Mind you, it’s winter up there. The Sun shines at most a few hours a day at the southern edge of the Arctic Circle right now. Yet temperatures in the Arctic are soaring; in mid-November it was an average of a staggering 22° Celsius, or 40° Fahrenheit, above normal.

Holy cripes. What the hell is going on?

The obvious answer is: global warming. Like I said, as time goes on, average temperatures go up, and amount of ice decreases.

But there’s a less obvious but more important answer, too. And that is: global warming.

That’s not a typo. The proximate cause of the temperature spike has been a weak jet stream. That blows around the pole, and generally keeps the cold air up there and the warm from the south away. But the jet steam has been weak lately, and warm air has been able to push up into the Arctic and keep temperatures up.

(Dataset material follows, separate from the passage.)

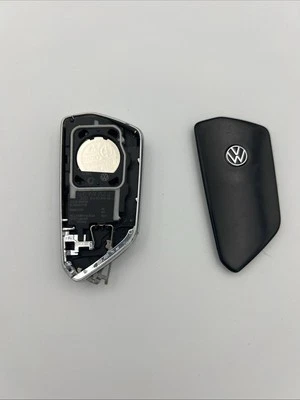 VW VOLKSWAGEN KEYLESS REMOTE SMART KEY NBGFS19 OEM. - Image 1 of 4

So why is the jet stream weak? Yup. It’s global warming. One thing that powers the jet stream is the difference in temperature between mid-latitudes and the more northern ones. As the planet warms, that difference has fallen (the Arctic warms faster than lower latitudes do), and that has weakened the jet stream.

But there’s more. Because the planet is warming, the sea surface temperatures are going up as well. Water that’s usually frigid in October (like the East Siberian and Barents Seas) has been warmer, so ice growth is slow.

There’s a subtle thing happening here too that’s important. It’s not just that we’re seeing slower ice growth, but the high temperatures are actually melting old, thick ice as well. So it’s not just the extent that’s dropping, it’s the volume as well. That’s important because thin ice comes and goes, melting faster in the summer, but the old thick ice should be here to stay. That’s no longer the case; we’re losing that too.

Here are two videos showing that. The first, from NASA, shows a map of Arctic ice over the years:

The second, by Andy Lee Robinson, shows this even more clearly using a graphical approach:

I have to add that another graph has been making the rounds, showing the total global sea ice extent. It’s troubling as well, but it comes with a caveat. Here’s the graph:

Global (that is, Arctic + Antarctic) sea ice extent.

Zack Labe/Wipneus

This follows the amount of sea ice at both poles, Arctic and Antarctic. It’s not really a good way to understand what’s happening because the physical conditions at the two poles are very different, and the amount of ice at each is ruled by different circumstances. Combining them just confounds all this.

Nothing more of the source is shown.